Apostles of Equality: The Birneys, the Republicans, and the Civil War
D. Laurence Rogers
Michigan State University Press, 2011
250 pp., 39.95
John Fea
Book Notes
How did the son of a wealthy Kentucky slaveholder become one of America's most ardent anti-slavery activists and a two-time candidate for president? D. Laurence Rogers describes the ideological, moral, and political odyssey of James Gillespie Birney, one of American history's most overlooked abolitionists. In the course of roughly twenty years, Birney went from a slaveholder, to an advocate for the colonization of slaves, to a supporter of gradual emancipation, to an immediate emancipationist. As the candidate of the anti-slavery Liberty Party in the 1844 presidential election, he garnered over 62,000 votes (2.3%) and probably cost Henry Clay, the Whig Party candidate from his home state of Kentucky, the presidency.

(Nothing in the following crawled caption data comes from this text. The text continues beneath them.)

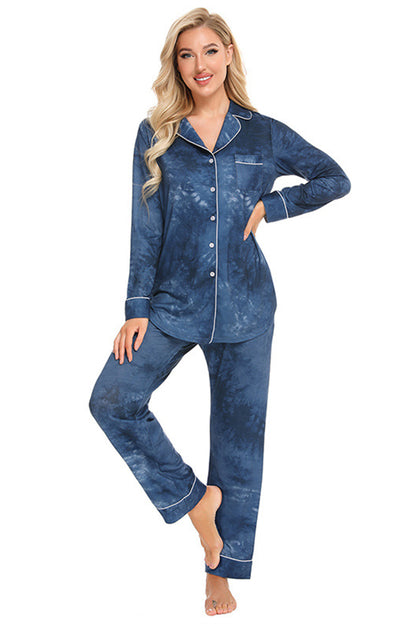 Collared Neck Long Sleeve Pajama Set with Pockets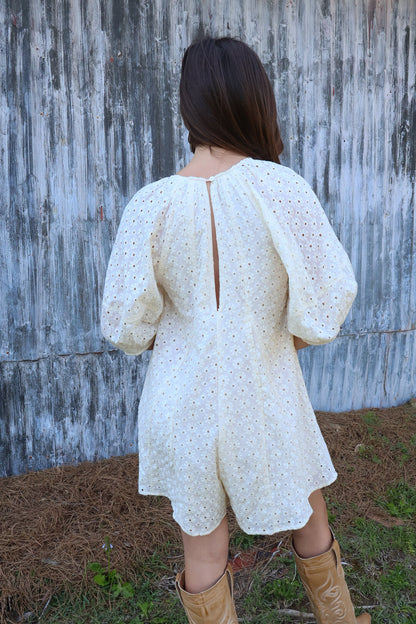 Cream Eyelet Babydoll Romper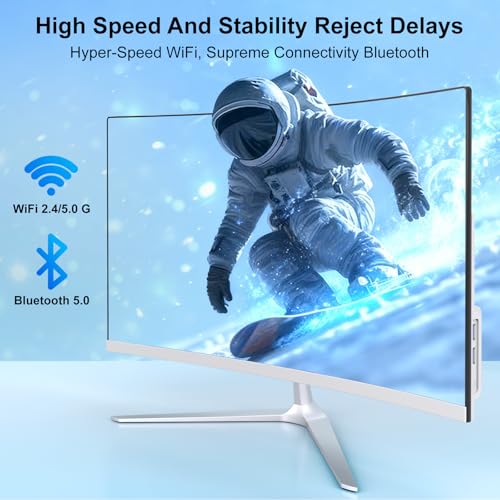 Image of 23.8 inch All-in-One Computer Curved Display White Minimalist Design for Work | 4 Cores Core i7 7700HQ(up to 3.8Ghz) 16GB RAM 512GB SSD Dual-Band WiFi Bluetooth 5.0 Complete with Wired Keyboard & Mouse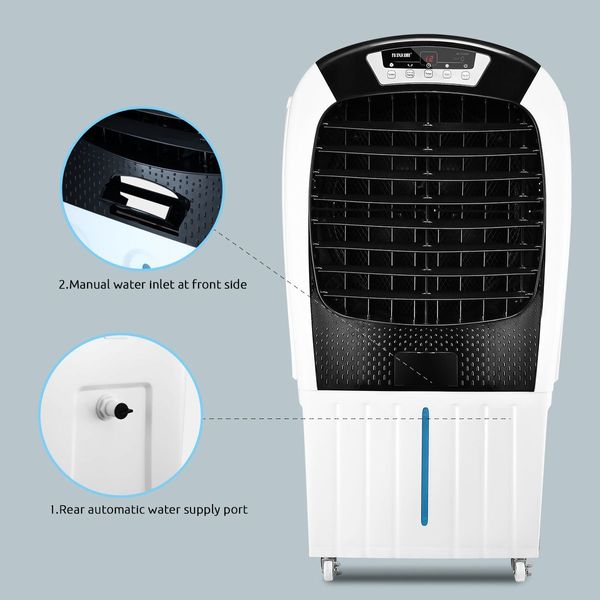 Portable Industrial 80L Wide Angle Evaporative Air Cooler Humidifier W/Vertical Horizontal Air Flow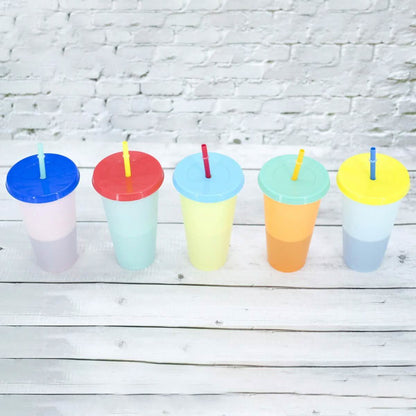 5-Pack: Colorful Drinking Cup with Lid and Straw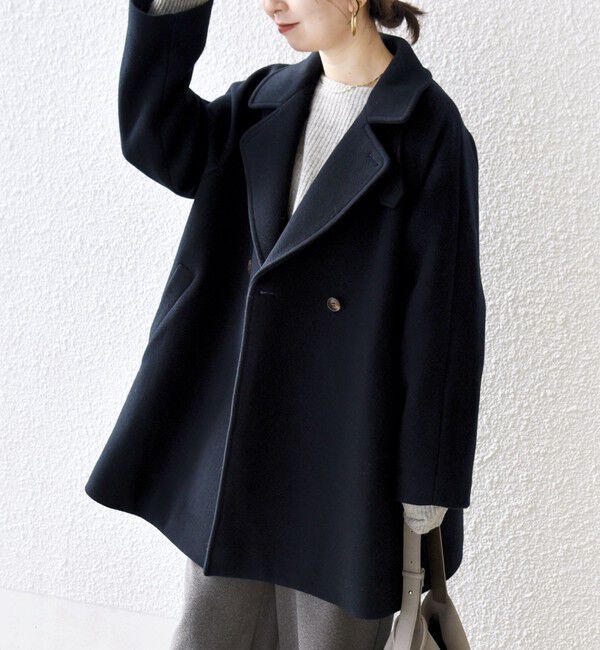 SHIPS any「【WEB限定】SHIPS any: PURE WOOL スタンド & テーラード ハーフ コート」|その他|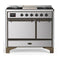 ILVE Majestic III 40-inch Dual Fuel Range with 5 Liquid Propane Burner, Griddle and Solid Door Electric Oven in Stainless Steel with Burnished Trim (UMD40FQNR3SSBLP)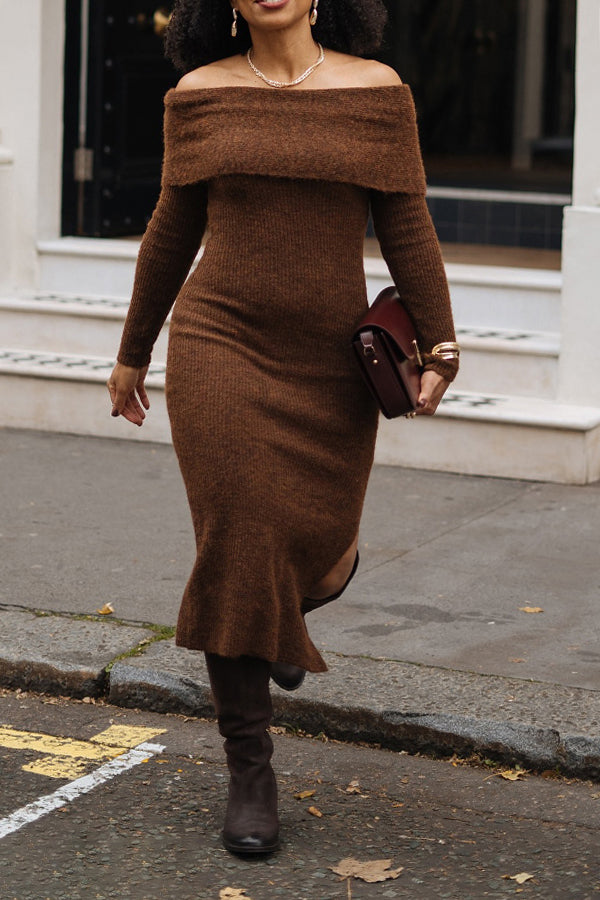 Casual Off Shoulder Solid Cable Knit Dress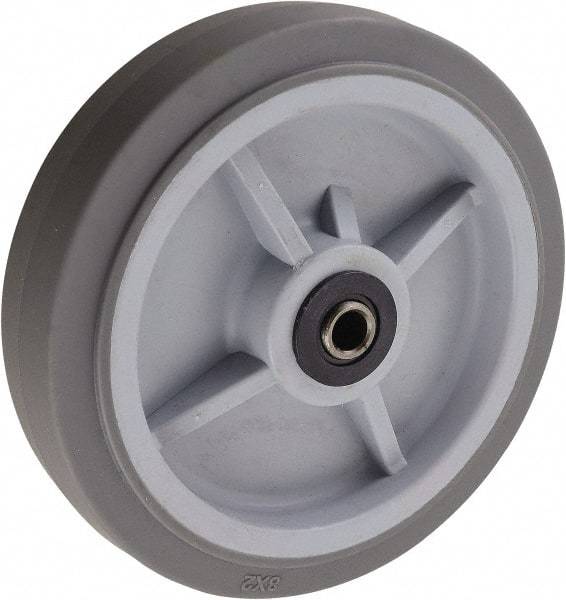 Value Collection - 8 Inch Diameter x 2 Inch Wide, Solid Rubber Caster Wheel - 500 Lb. Capacity, 2-3/16 Inch Hub Length, 1/2 Inch Axle Diameter, Roller Bearing - Benchmark Tooling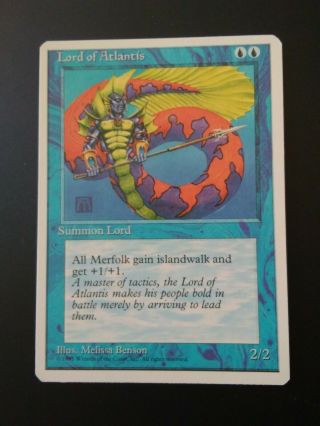 Vintage Magic The Gathering Card Mtg - Lord Of Atlantis Lp 4th Edition Merfolk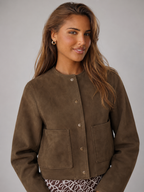 Women's Suede-Look Cropped Jacket With Patch Pockets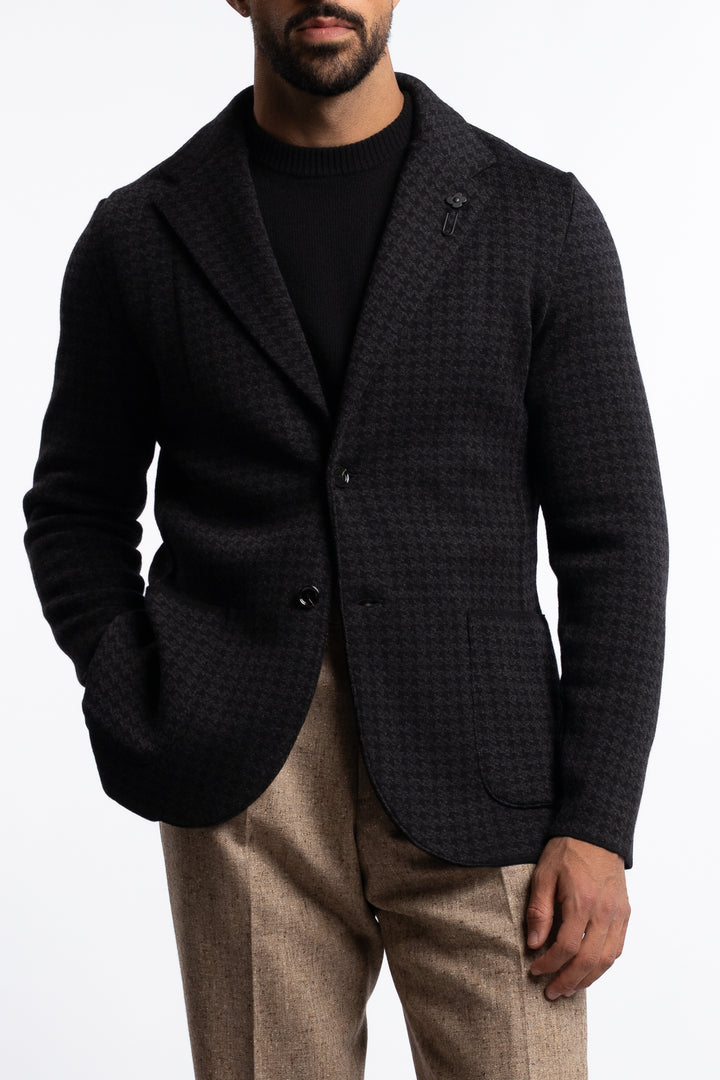 Knitted Wool Blazer Dark Grey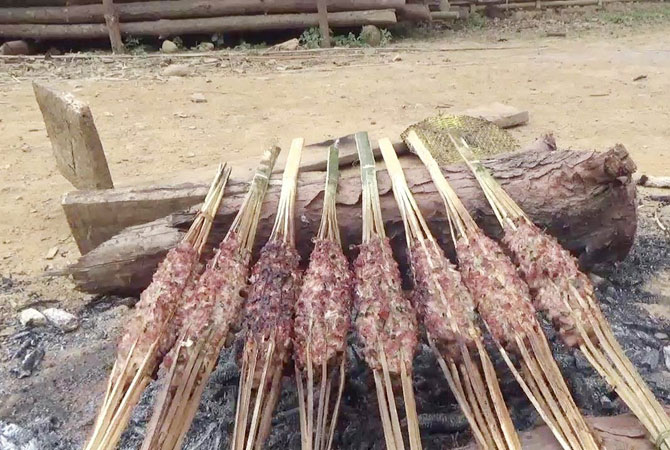 Grilled pig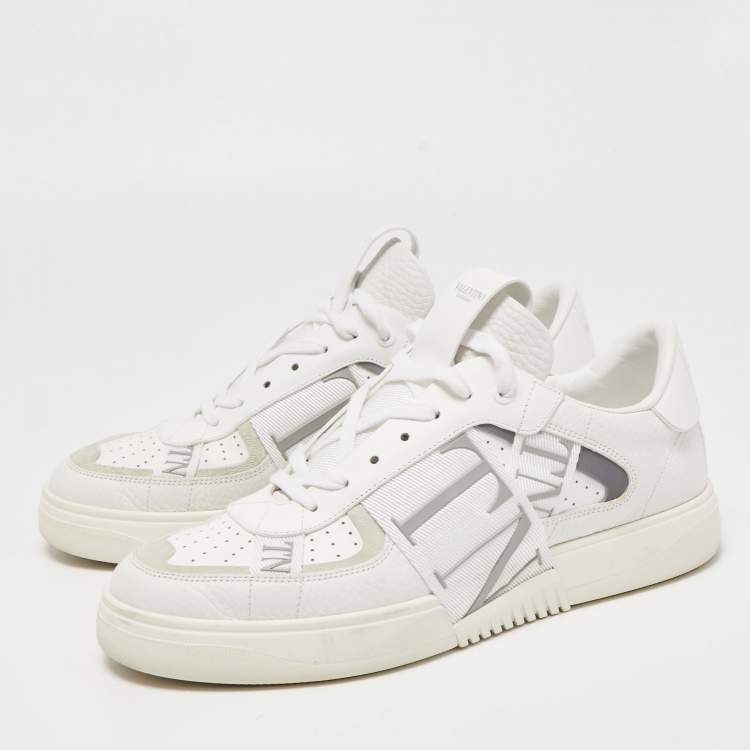 Pre Owned Valentino White Leather Low Top Open Sneakers Size 43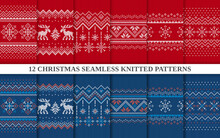 Knitted Seamless 12 Patterns Collection. Christmas Sweater Textures Red And Blue. Holiday Fair Isle Traditional Ornament. Set Xmas Winter Background. Knit Prints. Wool Pullover. Vector Illustration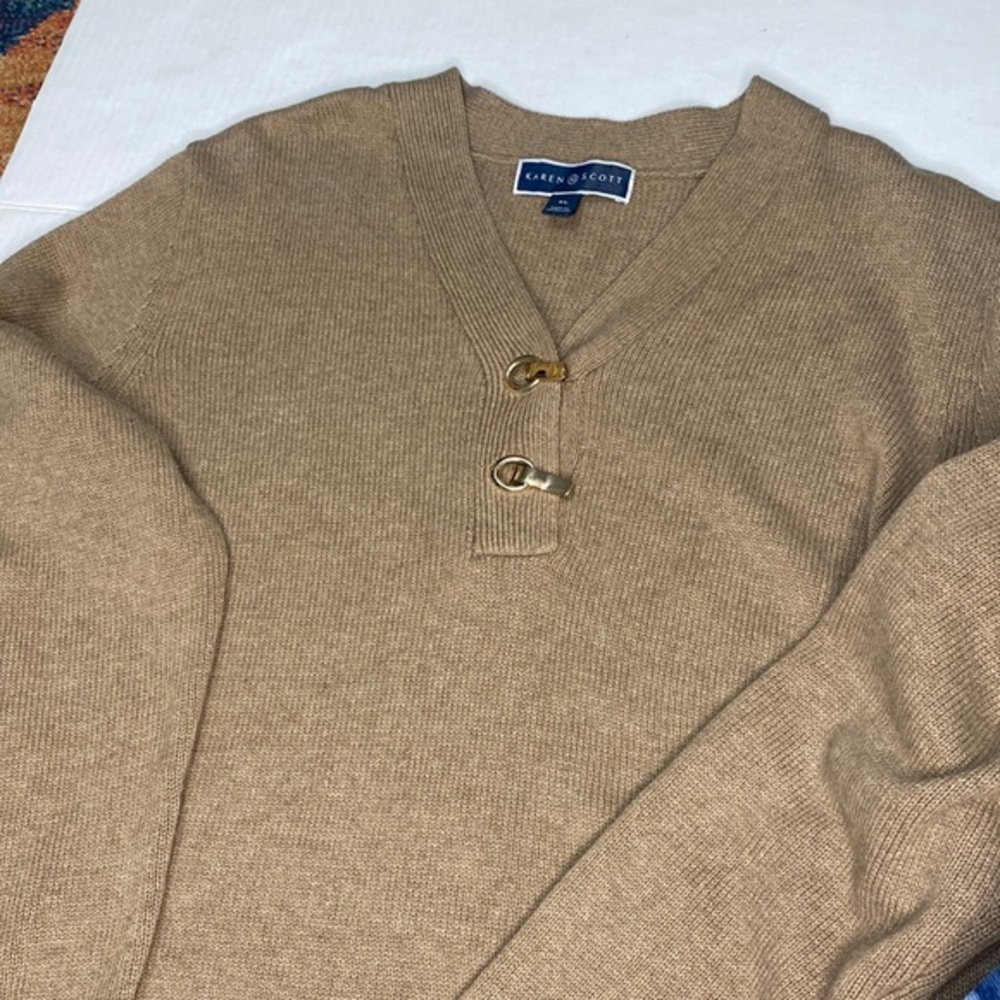 Karen Scott designed sweater 2 gold claps v neck sweater long sleeves size xl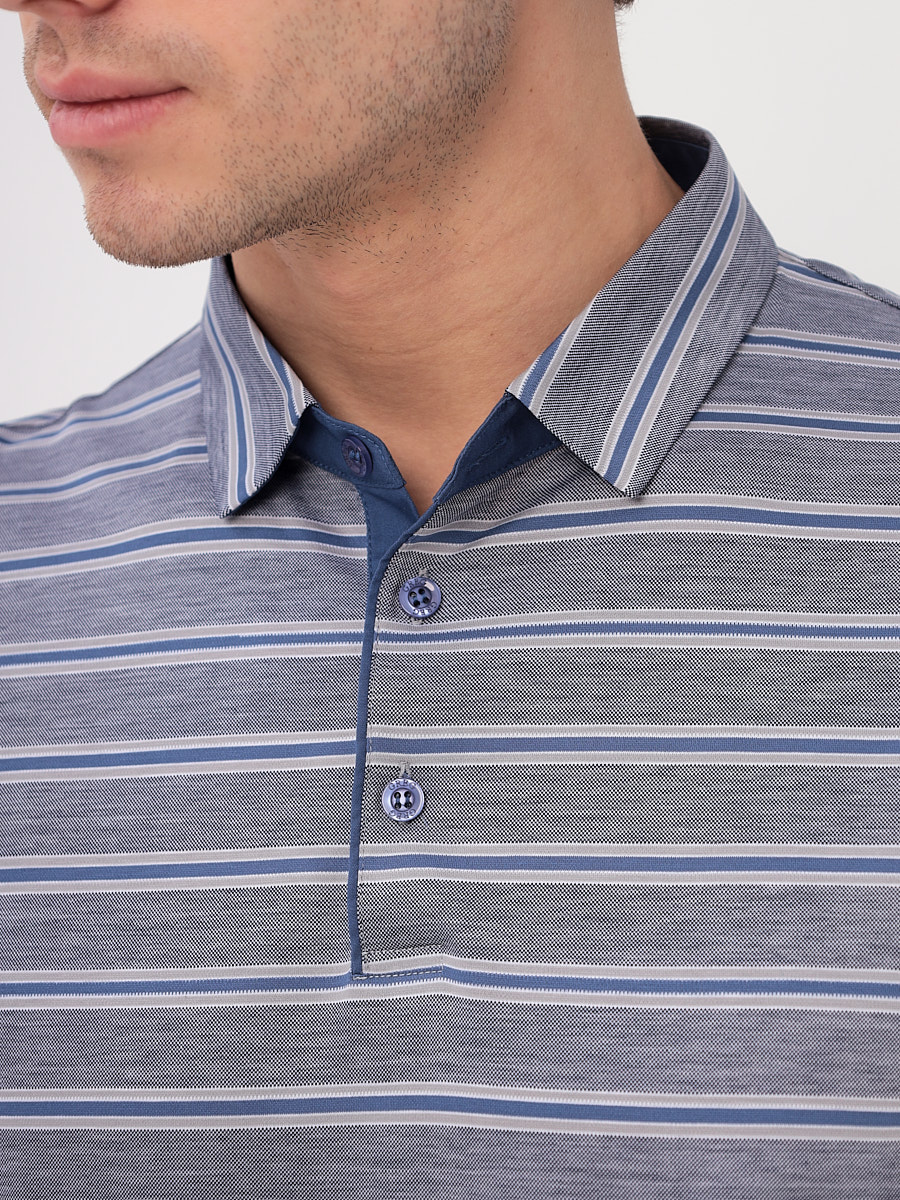 G144-PD1246-LT3221(серый полоска) Джемпер мужской с воротником поло короткий рукав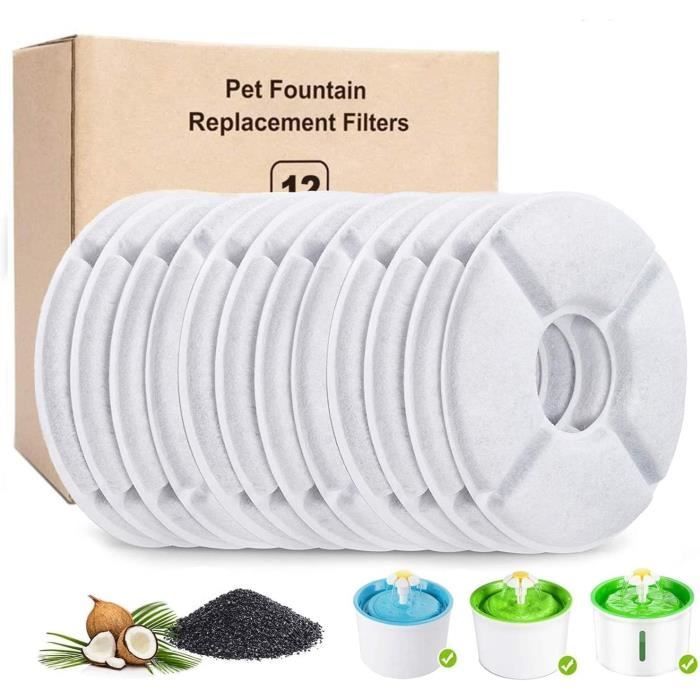 Comparer les prix de Lot De 12 Filtres Pour Fontaine À Eau De Chat, Filtre De Rechange Pour Fontaine À Eau Pour Chat, Avec Peigne Et Brosse De Net[H788]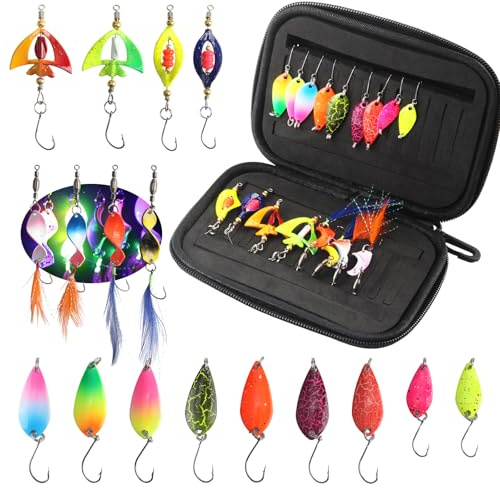 CHENYU 17 Pièces Peche Truite 1,5g/2,5g/3,5g Kit de Peche avec Sac Leurres Multicolore Pêche Truite Cuivre Accessoires de Pêche en Mer pour Brochet eaux Poissons Crevettes Crabes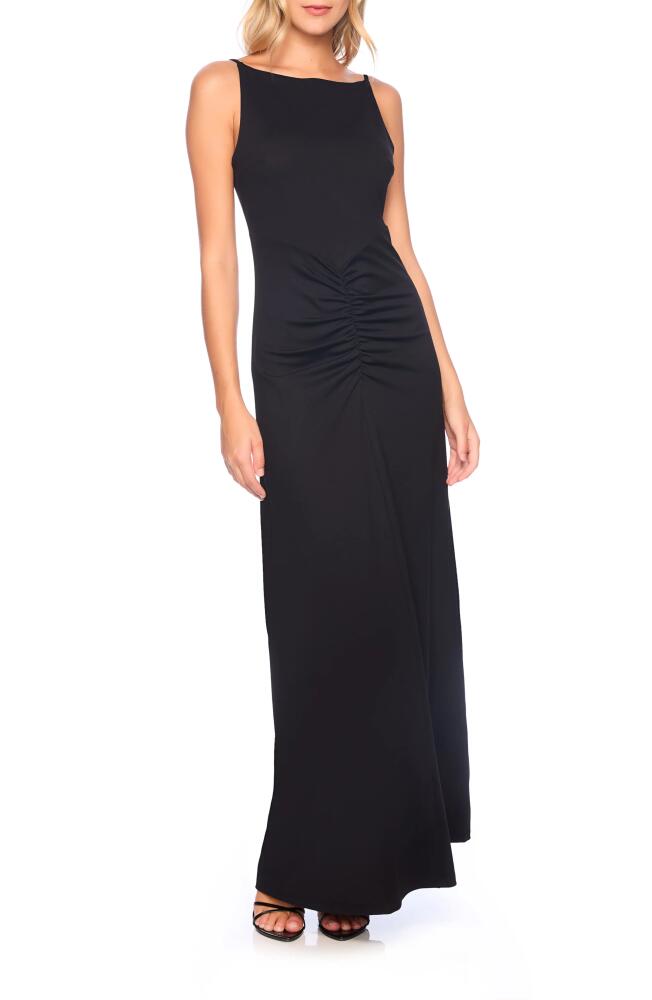 Susana Monaco High Square Neck Stretch Jersey Maxi Dress in Black Cover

Birney is an ideal window into the changing landscape of antebellum anti-slavery. He held leadership posts in the American Colonization Society and the American Anti-Slavery Society. As the publisher of The Philanthropist, an abolitionist newspaper published in Kentucky and Cincinnati, he faced the violent wrath of southern pro-slavery forces. His belief that slavery was best brought to an end through political means, rather than "moral suasion," led to his break with well-known abolitionist William Lloyd Garrison and his eventual nomination by the Liberty Party.
Rogers is particularly insightful in his efforts to connect the anti-slavery movement in the southeastern United States with the opposition to Andrew Jackson's Indian removal policies. In 1826, while living in Alabama, Birney served as the legal counsel for the Cherokee's efforts to protect ancestral lands from Jackson's plan to send them off to "Indian Territory" (present-day Oklahoma). Birney's intimate acquaintance with the injustice of the Cherokee removal would prompt him and other future abolitionists to work for the expansion of human rights to slaves. The connection makes sense, and it is one that several legal scholars and historians have affirmed.
Apostles of Equality offers a very informative interpretation of American anti-slavery and introduces us to an unjustly forgotten figure. A third-party politician who angered many traditional Whigs (after Henry Clay lost to James Polk in 1844, Horace Greeley, the Whig editor of the New York Tribune, ordered that Birney's name never again appear in his paper) and fellow abolitionists (Garrison), Birney made powerful enemies, and his contributions to moral reform, Rogers writes, "became buried in historical irrelevance." Until now.
John Fea teaches American history at Messiah College in Grantham, Pennsylvania. His book Was America Founded as a Christian Nation? A Historical Introduction (Westminster/John Knox) was a finalist for the George Washington Book Prize.